About
Krake is an orchestrator engine for containerised and virtualised workloads across distributed and heterogeneous cloud platforms. It creates a thin layer of aggregation on top of the different platforms (e.g. Kubernetes) and presents them through a single interface to the cloud user. The user's workloads are scheduled depending on both user requirements (hardware, latencies) and platform characteristics (energy efficiency, load). Krake can be leveraged for a wide range of application scenarios such as the central management of distributed compute capacities as well as application management in Edge Cloud infrastructures.
Open source / proprietary
Open Source, Apache 2.0 Licence
Architecture
The components in the architecture of Krake are loosely coupled and therefore can be exchanged, altered or extended with new components.
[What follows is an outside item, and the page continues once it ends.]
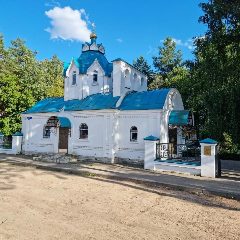 Канал Храм апостола Луки Тверь.Иерей Антоний Русакевич в мессенджере MAX — 590 подписчиков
The control Plane is in continuous exchange with Krake’s API and real-world objects and therefore continuously manages all real-world objects registered as resources in Krake. Real world objects are defined as different instances like Kubernetes clusters or Metrics Providers like Prometheus.
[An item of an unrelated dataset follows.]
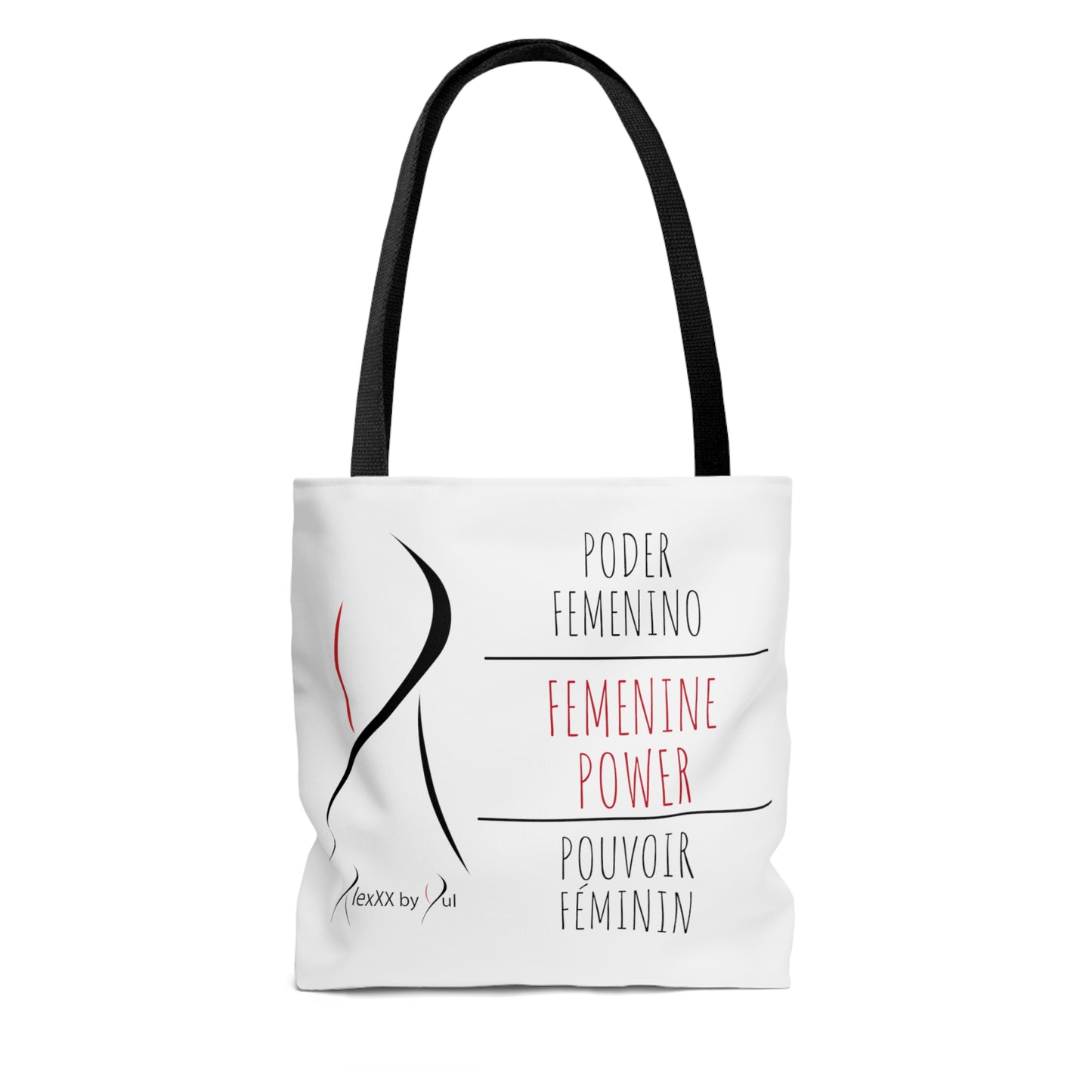 Tote Bag Rosa Princesa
The Kubernetes Application Controller of Krake manages containerised applications migrated to Kubernetes clusters. These clusters need to be registered in Krake. Label constraints are given by the Krake API or custom metrics distributed through the Metrics Providers. The scheduler watches and evaluates these indicators and decides which Kubernetes cluster is the best fit to run the application on. To run an application, it needs to be containerised and published on a reachable registry, e.g. Docker Hub. This app can be deployed by Krake with a manifest file. In this file, the image of the containerised application is linked, along with other settings.